▶ **EXERCISE OBJECTIVE**
Would you copy exactly the lines in the data below from the one that has "Bakan Mahinur &Ouml;zdemir" through the one that has "Maison à SAINT-LAMBERT-DU-LATTAY", dropping any pictures?

▶ **PROVIDED INFORMATION**

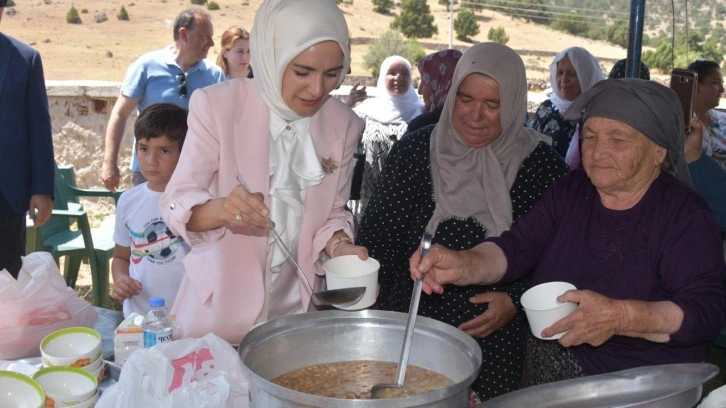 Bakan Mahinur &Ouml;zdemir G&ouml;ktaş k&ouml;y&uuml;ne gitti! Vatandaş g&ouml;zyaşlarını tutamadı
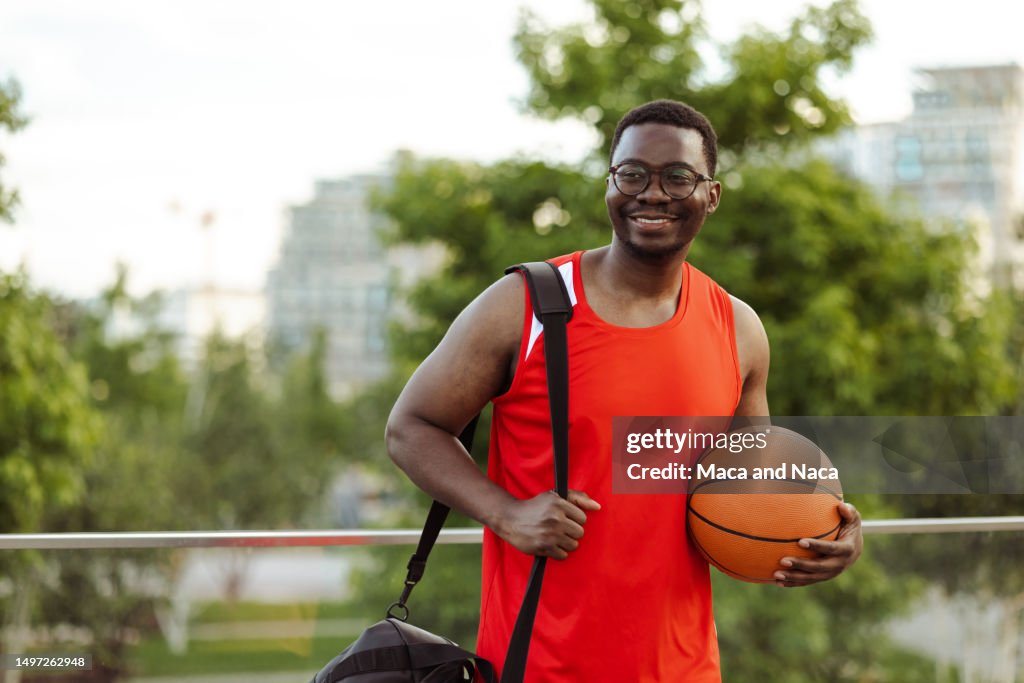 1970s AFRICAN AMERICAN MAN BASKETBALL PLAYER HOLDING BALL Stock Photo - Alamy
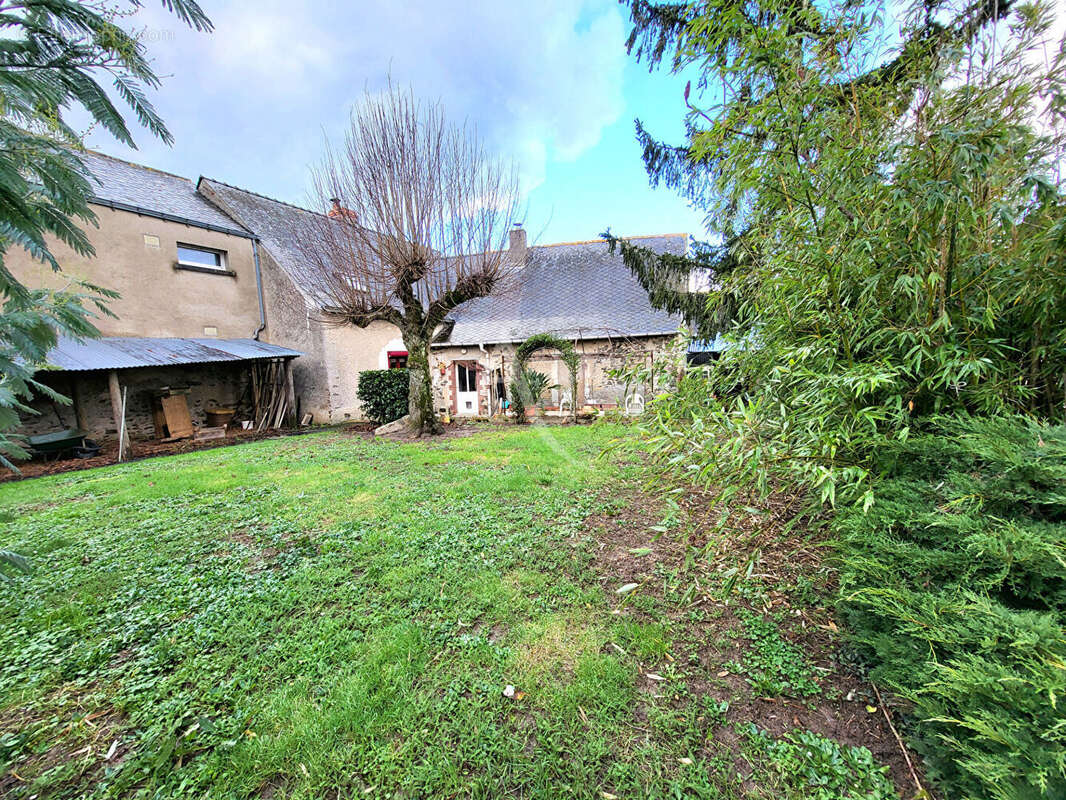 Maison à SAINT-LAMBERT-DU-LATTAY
...
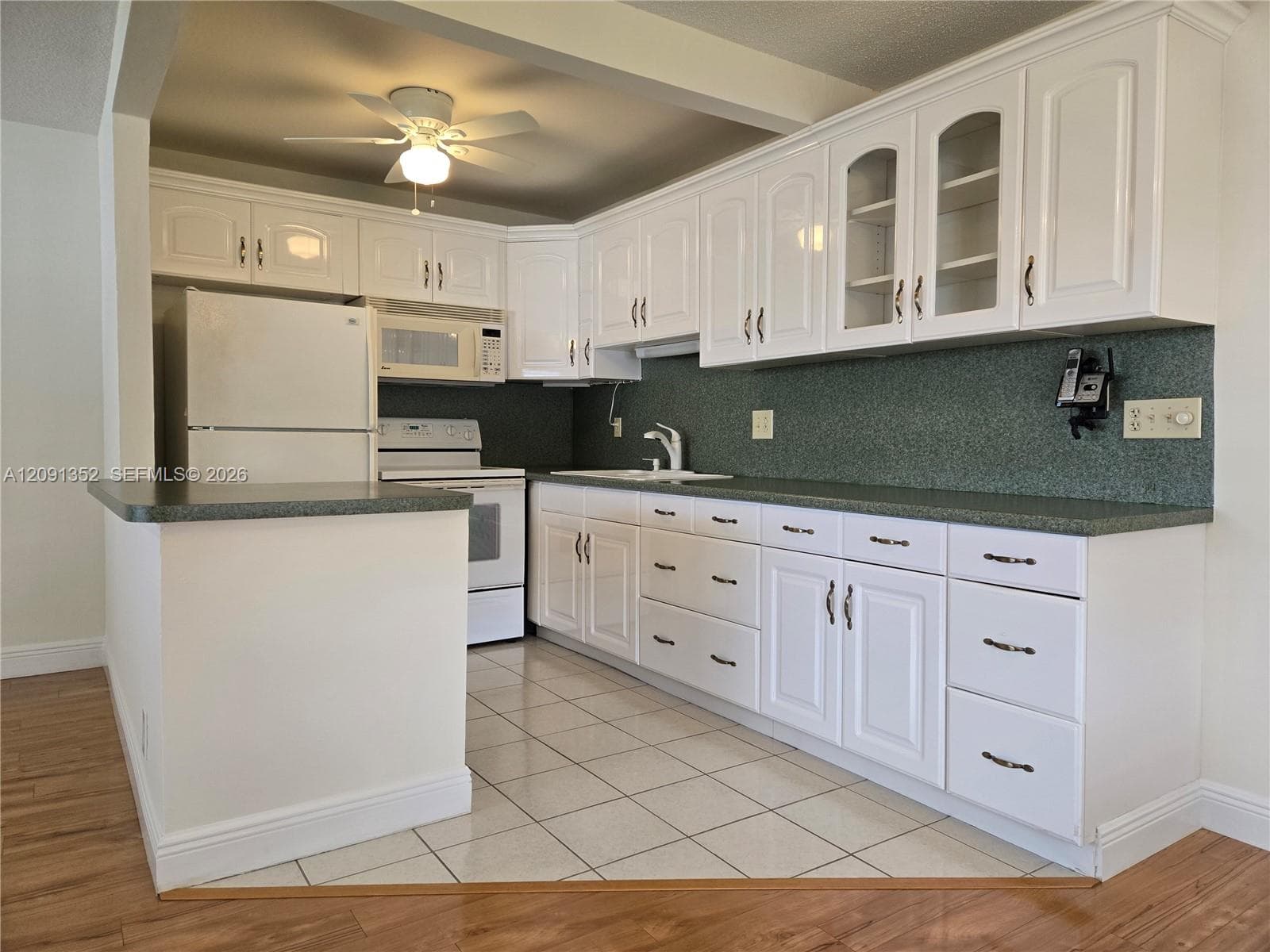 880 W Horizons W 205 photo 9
* * *
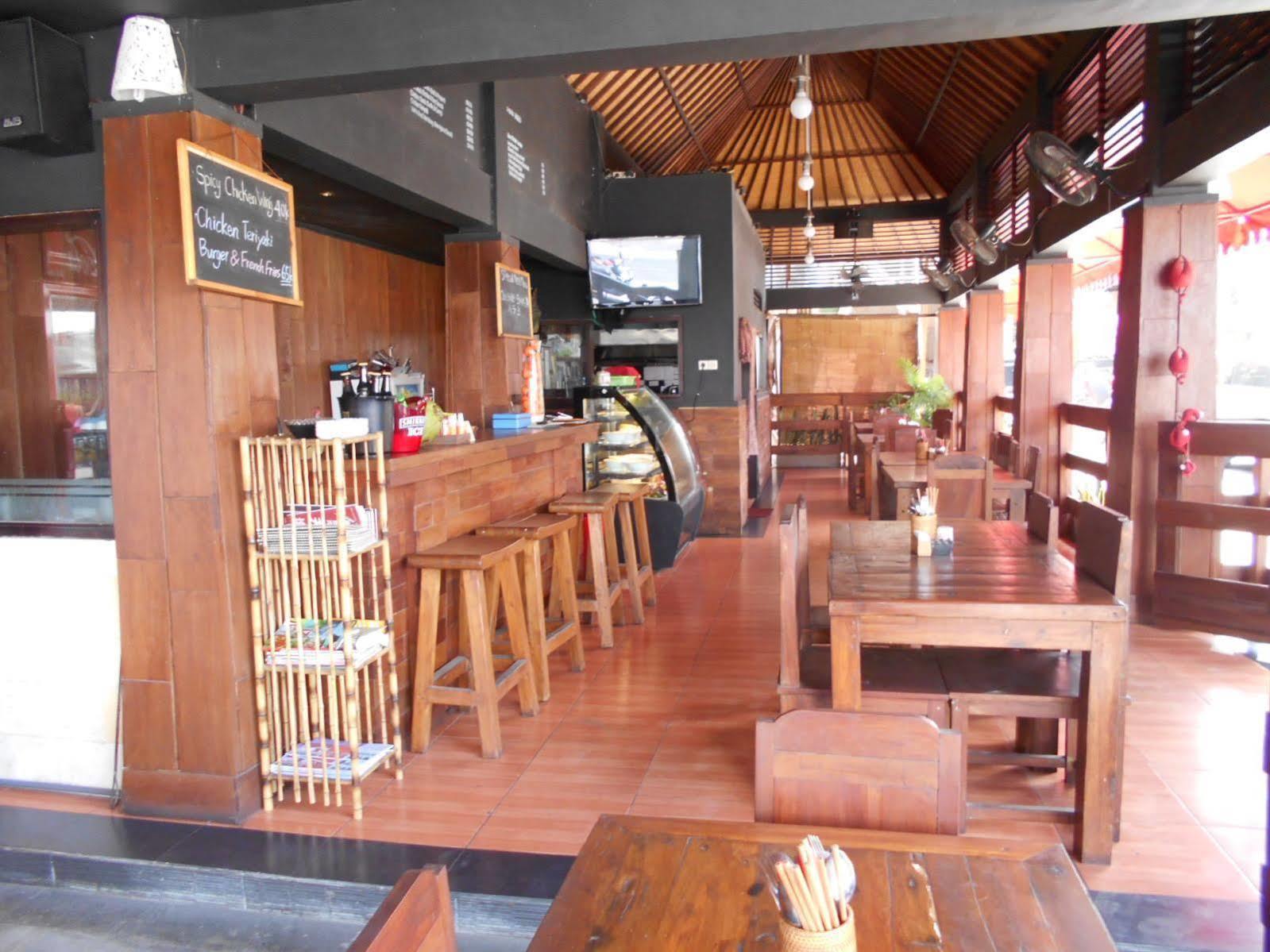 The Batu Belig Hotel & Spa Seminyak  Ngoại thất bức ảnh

▶ **RESULT OF THIS TASK**
 Bakan Mahinur &Ouml;zdemir G&ouml;ktaş k&ouml;y&uuml;ne gitti! Vatandaş g&ouml;zyaşlarını tutamadı
 1970s AFRICAN AMERICAN MAN BASKETBALL PLAYER HOLDING BALL Stock Photo - Alamy
 Maison à SAINT-LAMBERT-DU-LATTAY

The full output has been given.